Patriots special teams will face unique challenge this Sunday in Dallas
No unit on any football team has more change to deal with from stadium to stadium than special teamers, who have to adjust from building-to-building to different wind patterns, sightlines, footing, and occasionally more.
Nowhere in the NFL does that ‘more’ category come into focus than at Dallas’ AT&T Stadium. Specifically, because of the 160-foot-by-72-foot video board that hangs 90 feet above the field.
For a team known for turning over every stone and considering every angle in game prep, the impacts of the video board in Dallas should be no different for the Patriots. It’s something they’ve faced just once before – the Patriots lone game in Dallas since AT&T Stadium opened was in 2015. The special teams coordinator for New England that day? Joe Judge.
As Judge’s unit prepares the special teams units for this Sunday’s game against the Cowboys, it wouldn’t be surprising if they take the video board into account at least to some extent. That’s true for both the punter and the returners.
While it doesn’t happen often, that video board can turn into an obstacle for punters. Since AT&T Stadium opened in 2009, the video board has been hit by a punt four times (officially, we’ll come back to this in a bit), including twice in the last two years. In addition, some punters over the years have said that just the idea of hitting it creates another challenge, posing something they don’t typically have to think about during a kick.
For New England Patriots rookie punter Bryce Baringer, this is a new kind of challenge. Ahead of his first trip to Dallas this Sunday, Baringer said he’s never kicked in an environment that poses that kind of obstacle before.
“No, never,” Baringer said on Wednesday. “When I was in college, the only stadium we played in NFL-wise, we played in Levi [Stadium in San Francisco] and then in Atlanta. Obviously those are – one is indoor, but it’s huge. But, no.”

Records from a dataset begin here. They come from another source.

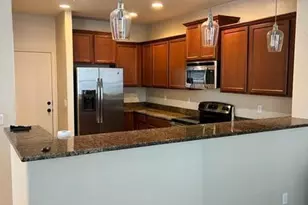 4754 E Red Oak Ln, Gilbert, AZ 85297 - Photo 7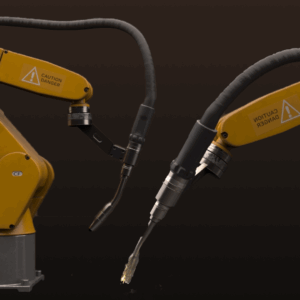 Motion Mechanics: part 1. Product Visualization Modeling and Texturing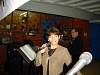 fiestnavmat2004102.jpg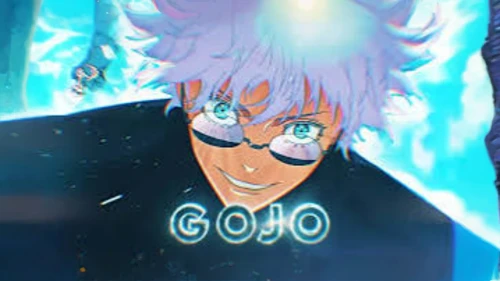 gofio,the face of god,god,the eyes of god,glob urs,glowworm,omega,anime 3d,yukio,gor,geode,anime boy,grin,gungdo,ghoul,gin,gost,nemo,ganai,brook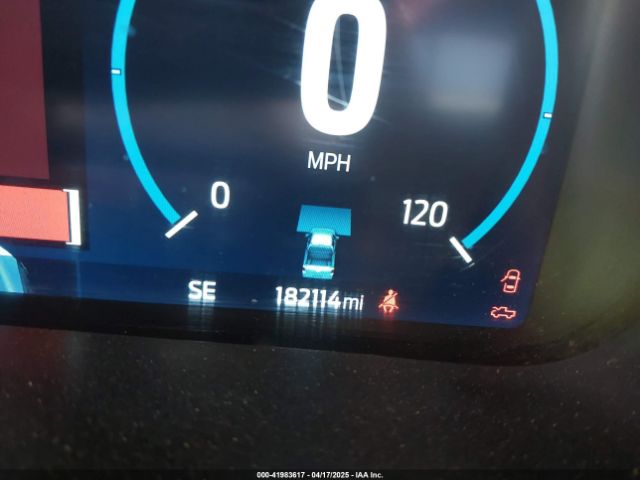 1FTFW1ED3MFC88044 Ford F-150 King Ranch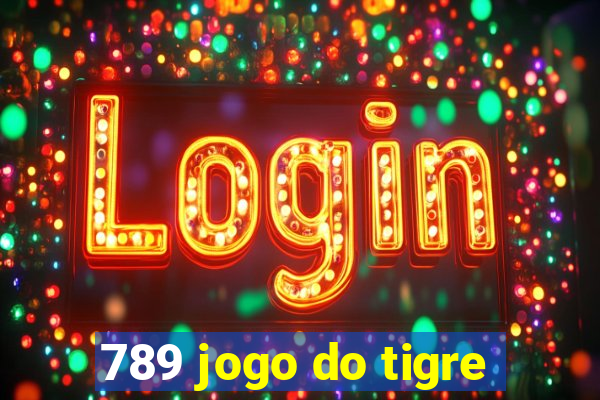 789 jogo do tigre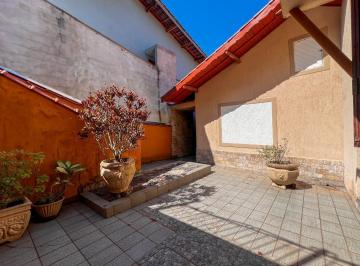 Casa · 149m² · 3 Quartos · 2 Vagas · Casa de vila para venda em Colônia com 3 quartos, sendo 1 suíte, 149m²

It’s not unrealistic to think that – if he wanted to – Baringer could knock one off the video board if he wanted too. Since OTAs he’s displayed an ability not only to put the ball impressively far, but impressively high as well.
Despite that, Baringer says he doesn’t plan on doing anything different this week in preparation. Despite the 25,000 square foot video board overhead it’ll just be business as usual this week.

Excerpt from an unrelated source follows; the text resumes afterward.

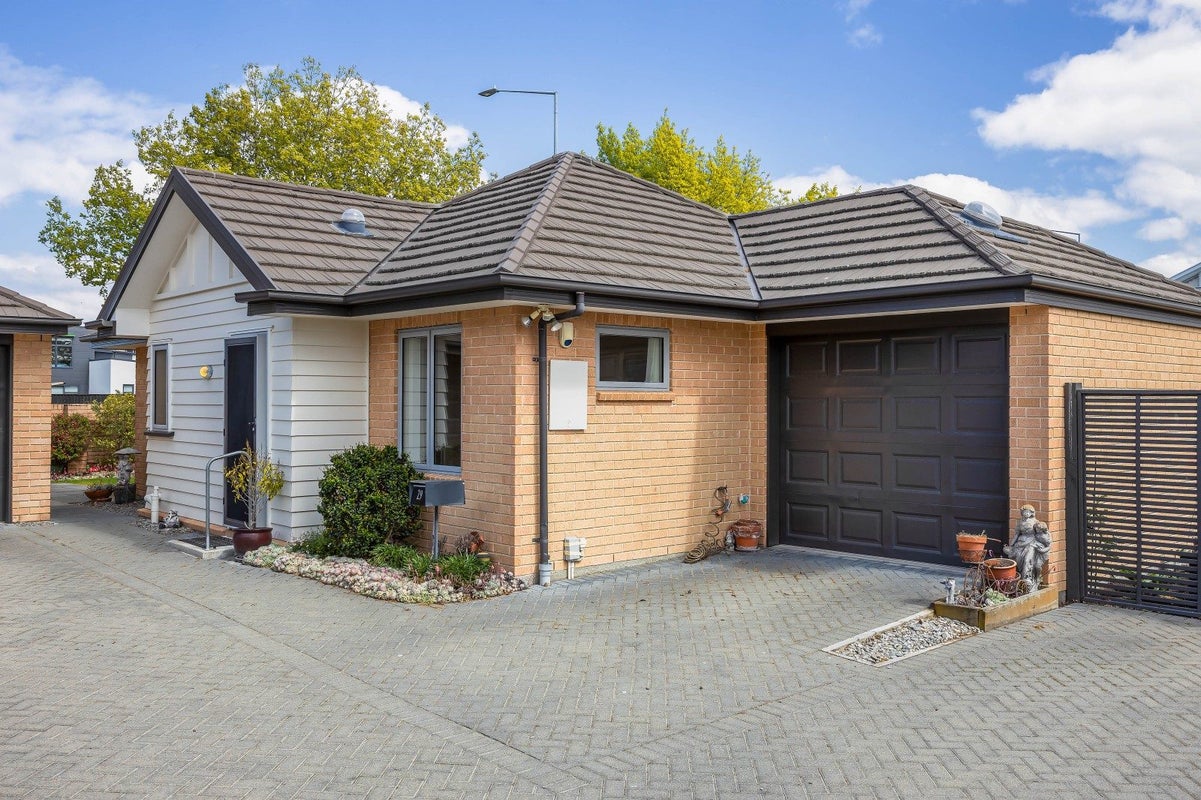 29/372 Yaldhurst Road, Russley, Christchurch - Carousel 10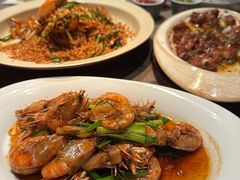 -香港财记(汇励99城市公园店)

“I’ve just got to trust my ball and hit my ball and, if it hits it, it hits it. Hopefully it won’t be a huge problem,” he said. “Obviously it’s cool. I know some of my friends in the past have gone in there and practiced and been like ‘I’m going to try and hit it,’ but, no, it’ll be cool.”
Baringer said ultimately though, he’s not too concerned if he gets a hold of a kick enough to reach the board. “If we hit it, it’s a redo [of the] down. You have to redo the punt,” he explained. “I think it’s just an object that’s there. I’m just going to try and stick to my process and just hit my ball.”
The ‘redo down’ rule has happened all four times the scoreboard has officially been hit. In that instance, the play is treated as an ‘inadvertent whistle.’ Of the four times the rule has been called, the ball has hit the scoreboard squarely. It bounced straight down, and the refs blew the play dead. But what if the ball just grazes the scoreboard, and the refs can’t tell?
That brings us to Patriots safety and punt returner Jabrill Peppers, who unlike Baringer is no stranger to the scoreboard. During his time with the Giants Peppers played two games at AT&T Stadium, returning a total of two punts. When asked about how the board impacts returners, he shared an interesting story.
“I actually had one hit the scoreboard,” Peppers recalled. He explained that the ball glanced off of the bottom of the board very slightly – not enough for the refs to notice, but enough to impact him as a returner. “It just scraped it, but it changed [the trajectory],” he said, adding that it caused him to have to quickly adjust under the ball on the fly.
Peppers experience in that regard could help the Patriots this week. With starting punt returner Marcus Jones on IR, Peppers was one of two players to fill in that spot for the Patriots last week along with rookie wide receiver Pop Douglas. It was Peppers’ first time returning a punt in a regular season game in two years – he returned two for a total of 25 yards.
One more thing to know – whether or not the ball hits the scoreboard is actually a reviewable play, and can be challenged by coaches. Like any other challenge though, there would need to be conclusive evidence. But if a returner really struggled to read a kick and muffs a punt, it’s something that the coaching staffs can look at.
Whether is as the punt team or as the return team, it wouldn’t be surprising to see the video board come into play on Sunday. If it does, expect the Patriots to be ready.